> **What is required**
Write out again the entries from the first line to the line that includes "Зимняя дорога :: ТаБу", keeping both of those lines.

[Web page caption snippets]
*** Begin section ***
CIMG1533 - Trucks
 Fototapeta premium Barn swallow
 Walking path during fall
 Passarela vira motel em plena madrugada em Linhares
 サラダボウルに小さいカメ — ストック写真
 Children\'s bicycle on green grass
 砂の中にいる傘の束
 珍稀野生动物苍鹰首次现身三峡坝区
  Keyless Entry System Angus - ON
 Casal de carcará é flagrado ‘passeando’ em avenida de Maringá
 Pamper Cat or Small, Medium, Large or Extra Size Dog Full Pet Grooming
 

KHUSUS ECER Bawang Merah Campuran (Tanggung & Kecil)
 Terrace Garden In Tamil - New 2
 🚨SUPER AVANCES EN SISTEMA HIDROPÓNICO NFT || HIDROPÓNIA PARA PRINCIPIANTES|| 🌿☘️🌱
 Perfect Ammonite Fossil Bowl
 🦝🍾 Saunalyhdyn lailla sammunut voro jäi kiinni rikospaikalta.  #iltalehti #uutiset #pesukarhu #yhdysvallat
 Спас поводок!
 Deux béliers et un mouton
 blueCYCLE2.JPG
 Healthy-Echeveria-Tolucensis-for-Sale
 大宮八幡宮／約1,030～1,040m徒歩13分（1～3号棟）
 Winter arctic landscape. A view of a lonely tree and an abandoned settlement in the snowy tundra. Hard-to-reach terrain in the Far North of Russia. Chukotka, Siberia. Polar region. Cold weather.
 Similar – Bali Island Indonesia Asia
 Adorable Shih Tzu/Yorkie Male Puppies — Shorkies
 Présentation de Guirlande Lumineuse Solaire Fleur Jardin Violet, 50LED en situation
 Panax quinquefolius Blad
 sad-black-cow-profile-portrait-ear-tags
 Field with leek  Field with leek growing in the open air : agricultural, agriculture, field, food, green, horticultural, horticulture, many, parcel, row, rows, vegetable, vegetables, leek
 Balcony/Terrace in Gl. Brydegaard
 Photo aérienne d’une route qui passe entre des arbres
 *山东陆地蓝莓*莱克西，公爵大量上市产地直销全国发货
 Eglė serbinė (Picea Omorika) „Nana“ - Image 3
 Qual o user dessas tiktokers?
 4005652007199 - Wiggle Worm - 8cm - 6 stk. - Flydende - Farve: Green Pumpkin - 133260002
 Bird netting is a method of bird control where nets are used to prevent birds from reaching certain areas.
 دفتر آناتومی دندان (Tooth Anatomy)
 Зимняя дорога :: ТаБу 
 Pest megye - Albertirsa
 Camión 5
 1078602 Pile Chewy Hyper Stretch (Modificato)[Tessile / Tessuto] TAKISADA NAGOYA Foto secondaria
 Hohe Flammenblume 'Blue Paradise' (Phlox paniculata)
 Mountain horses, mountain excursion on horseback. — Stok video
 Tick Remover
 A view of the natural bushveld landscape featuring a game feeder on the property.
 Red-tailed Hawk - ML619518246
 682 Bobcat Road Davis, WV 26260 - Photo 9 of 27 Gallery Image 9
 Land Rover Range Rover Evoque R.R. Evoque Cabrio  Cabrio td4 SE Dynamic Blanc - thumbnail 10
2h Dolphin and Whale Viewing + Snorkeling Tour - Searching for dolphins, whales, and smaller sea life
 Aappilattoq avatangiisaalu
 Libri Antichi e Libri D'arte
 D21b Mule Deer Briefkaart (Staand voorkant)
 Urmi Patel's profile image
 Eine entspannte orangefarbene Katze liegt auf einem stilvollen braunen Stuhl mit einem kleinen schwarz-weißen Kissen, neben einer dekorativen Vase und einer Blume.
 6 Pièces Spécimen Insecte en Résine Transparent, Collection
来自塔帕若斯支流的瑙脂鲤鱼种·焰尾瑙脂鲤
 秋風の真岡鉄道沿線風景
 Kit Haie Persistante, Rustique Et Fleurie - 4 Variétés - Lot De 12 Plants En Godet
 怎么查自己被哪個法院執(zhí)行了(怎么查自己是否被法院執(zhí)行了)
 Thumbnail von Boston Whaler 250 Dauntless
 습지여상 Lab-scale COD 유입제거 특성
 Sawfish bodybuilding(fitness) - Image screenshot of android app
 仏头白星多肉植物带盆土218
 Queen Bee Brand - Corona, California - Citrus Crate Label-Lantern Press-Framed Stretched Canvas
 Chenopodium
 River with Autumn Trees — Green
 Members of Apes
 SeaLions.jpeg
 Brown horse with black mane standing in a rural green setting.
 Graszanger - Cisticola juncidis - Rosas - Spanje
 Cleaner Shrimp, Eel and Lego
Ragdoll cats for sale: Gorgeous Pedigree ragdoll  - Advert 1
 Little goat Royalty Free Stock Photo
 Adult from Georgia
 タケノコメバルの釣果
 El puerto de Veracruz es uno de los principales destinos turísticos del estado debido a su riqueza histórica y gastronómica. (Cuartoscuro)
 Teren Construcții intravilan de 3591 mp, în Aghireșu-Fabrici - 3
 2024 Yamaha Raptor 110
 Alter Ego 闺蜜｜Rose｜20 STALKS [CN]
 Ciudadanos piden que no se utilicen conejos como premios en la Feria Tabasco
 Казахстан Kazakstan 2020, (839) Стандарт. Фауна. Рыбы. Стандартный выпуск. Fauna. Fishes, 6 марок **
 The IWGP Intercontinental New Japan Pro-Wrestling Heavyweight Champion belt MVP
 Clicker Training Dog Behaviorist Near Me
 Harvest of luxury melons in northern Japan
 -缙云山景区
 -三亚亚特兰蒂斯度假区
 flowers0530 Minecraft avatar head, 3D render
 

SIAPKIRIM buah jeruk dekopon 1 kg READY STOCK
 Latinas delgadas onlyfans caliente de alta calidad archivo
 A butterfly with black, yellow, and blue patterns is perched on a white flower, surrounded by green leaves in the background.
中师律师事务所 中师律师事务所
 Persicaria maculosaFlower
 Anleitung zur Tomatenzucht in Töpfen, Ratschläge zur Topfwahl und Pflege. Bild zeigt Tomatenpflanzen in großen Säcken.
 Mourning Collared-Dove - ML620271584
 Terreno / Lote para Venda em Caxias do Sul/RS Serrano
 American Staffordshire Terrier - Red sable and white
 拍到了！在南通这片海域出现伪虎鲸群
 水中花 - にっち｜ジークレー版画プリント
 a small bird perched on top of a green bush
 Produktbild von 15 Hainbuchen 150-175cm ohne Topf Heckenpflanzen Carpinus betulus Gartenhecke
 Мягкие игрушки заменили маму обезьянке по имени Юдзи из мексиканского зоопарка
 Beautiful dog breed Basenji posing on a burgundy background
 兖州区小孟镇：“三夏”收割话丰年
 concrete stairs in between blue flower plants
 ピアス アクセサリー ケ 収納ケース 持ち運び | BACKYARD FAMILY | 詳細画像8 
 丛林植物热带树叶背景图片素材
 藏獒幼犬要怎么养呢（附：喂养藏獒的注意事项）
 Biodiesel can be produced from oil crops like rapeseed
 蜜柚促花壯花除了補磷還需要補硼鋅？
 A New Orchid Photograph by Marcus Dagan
*** End section ***
> **Result**
CIMG1533 - Trucks
 Fototapeta premium Barn swallow
 Walking path during fall
 Passarela vira motel em plena madrugada em Linhares
 サラダボウルに小さいカメ — ストック写真
 Children\'s bicycle on green grass
 砂の中にいる傘の束
 珍稀野生动物苍鹰首次现身三峡坝区
  Keyless Entry System Angus - ON
 Casal de carcará é flagrado ‘passeando’ em avenida de Maringá
 Pamper Cat or Small, Medium, Large or Extra Size Dog Full Pet Grooming
 

KHUSUS ECER Bawang Merah Campuran (Tanggung & Kecil)
 Terrace Garden In Tamil - New 2
 🚨SUPER AVANCES EN SISTEMA HIDROPÓNICO NFT || HIDROPÓNIA PARA PRINCIPIANTES|| 🌿☘️🌱
 Perfect Ammonite Fossil Bowl
 🦝🍾 Saunalyhdyn lailla sammunut voro jäi kiinni rikospaikalta.  #iltalehti #uutiset #pesukarhu #yhdysvallat
 Спас поводок!
 Deux béliers et un mouton
 blueCYCLE2.JPG
 Healthy-Echeveria-Tolucensis-for-Sale
 大宮八幡宮／約1,030～1,040m徒歩13分（1～3号棟）
 Winter arctic landscape. A view of a lonely tree and an abandoned settlement in the snowy tundra. Hard-to-reach terrain in the Far North of Russia. Chukotka, Siberia. Polar region. Cold weather.
 Similar – Bali Island Indonesia Asia
 Adorable Shih Tzu/Yorkie Male Puppies — Shorkies
 Présentation de Guirlande Lumineuse Solaire Fleur Jardin Violet, 50LED en situation
 Panax quinquefolius Blad
 sad-black-cow-profile-portrait-ear-tags
 Field with leek  Field with leek growing in the open air : agricultural, agriculture, field, food, green, horticultural, horticulture, many, parcel, row, rows, vegetable, vegetables, leek
 Balcony/Terrace in Gl. Brydegaard
 Photo aérienne d’une route qui passe entre des arbres
 *山东陆地蓝莓*莱克西，公爵大量上市产地直销全国发货
 Eglė serbinė (Picea Omorika) „Nana“ - Image 3
 Qual o user dessas tiktokers?
 4005652007199 - Wiggle Worm - 8cm - 6 stk. - Flydende - Farve: Green Pumpkin - 133260002
 Bird netting is a method of bird control where nets are used to prevent birds from reaching certain areas.
 دفتر آناتومی دندان (Tooth Anatomy)
 Зимняя дорога :: ТаБу 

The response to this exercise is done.